How widespread USA300 is in the United States is unclear. In the same issue of the Annals of Internal Medicine, Graham and colleagues reported the results of a US population-based study of nasal carriage of S. aureus involving nearly 10,000 participants.3 Only 0.84% of patients were colonized with MRSA, and half of the isolates were SCCmecIV strains. This suggests that USA300 MRSA strains are not widespread. That conclusion may be premature, however. The epidemiology of USA300 outbreaks suggests that close contact with an infected person, rather than nasal carriage, is the immediate precursor to infection. Surveys of nasal carriage might dramatically underestimate the contribution of USA300 MRSA to cases of staphylococcal infection.

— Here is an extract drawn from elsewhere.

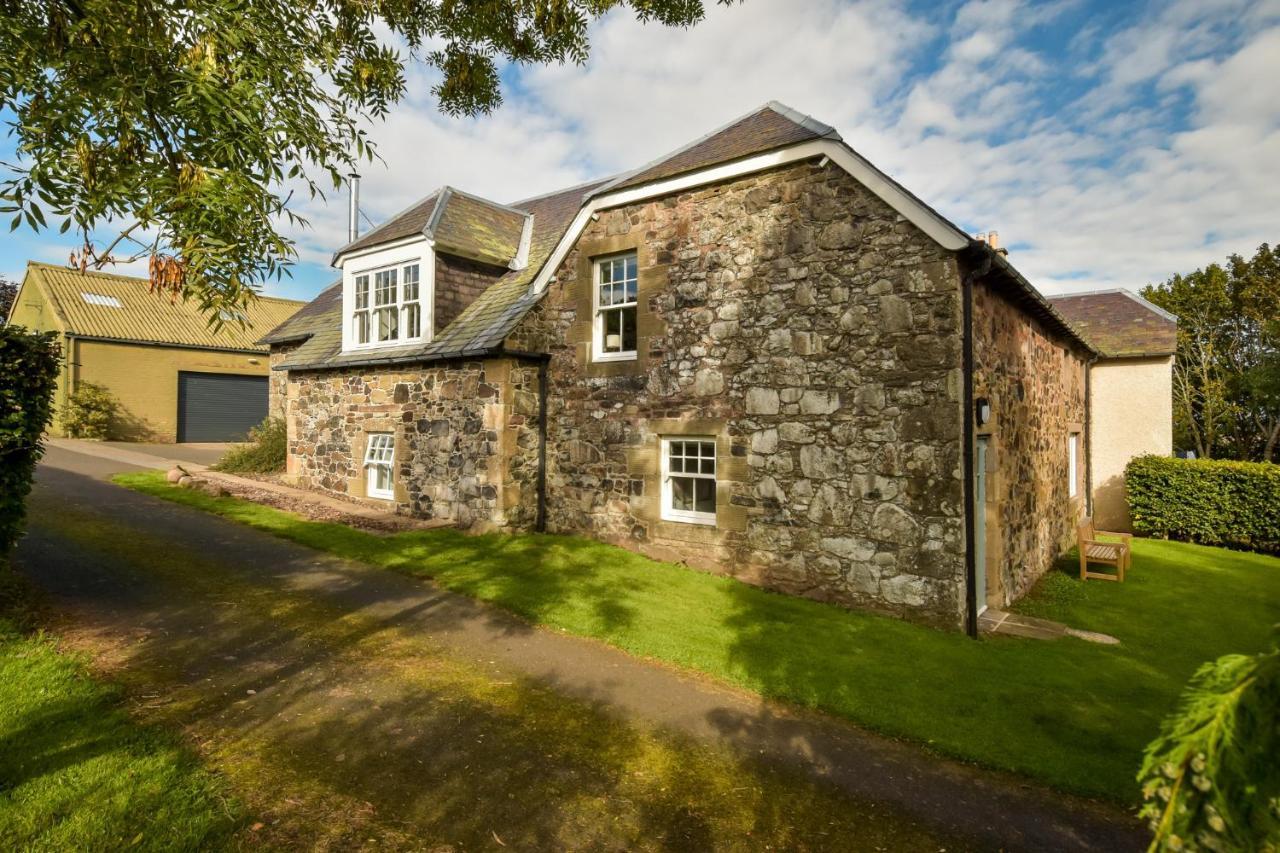 The Steading At Pitmeadow Farm Villa Dunning Dış mekan fotoğraf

β-lactam antibiotics have been the drug of choice for community-acquired staphylococcal infections since the discovery of penicillin, but it's clear that this is no longer the case in regions in which community-acquired MRSA has taken hold. For relatively uncomplicated skin and soft-tissue abscesses, incision and drainage alone may be adequate. Purely empiric antimicrobial therapy of suspected staphylococcal soft-tissue infections is not appropriate; therapy should definitely be guided by culture and susceptibility testing. Optimal therapy is uncertain, as there are no randomized trials of therapy. Although most USA300 strains are susceptible to clindamycin by in vitro testing, approximately 10% have inducible clindamycin resistance that is not detected by standard disk diffusion or microtiter assays. Trimethoprim/sulfamethoxazole or minocycline may be reasonable choices as oral therapy for outpatients. Oral linezolid would likely be effective, but it is fairly expensive. Based on a poor track record in treating MRSA infections, quinolones are best avoided regardless of susceptibility testing.

References

  1. Rybak MJ, LaPlante KL. Community-Associated Methicillin-Resistant Staphylococcus aureus: A Review. Pharmacotherapy. 2005;25:74-85.
  2. Fridkin SK, et al. Methicillin-Resistant Staphylococcus aureus Disease in Three Communities. N Engl J Med. 2005;352:1436-1444. Erratum in: N Engl J Med. 2005;352:2362.
  3. Graham PL, et al. A US Population-Based Survey of Staphylococcus aureus Colonization. Ann Intern Med. 2006;144:318-325.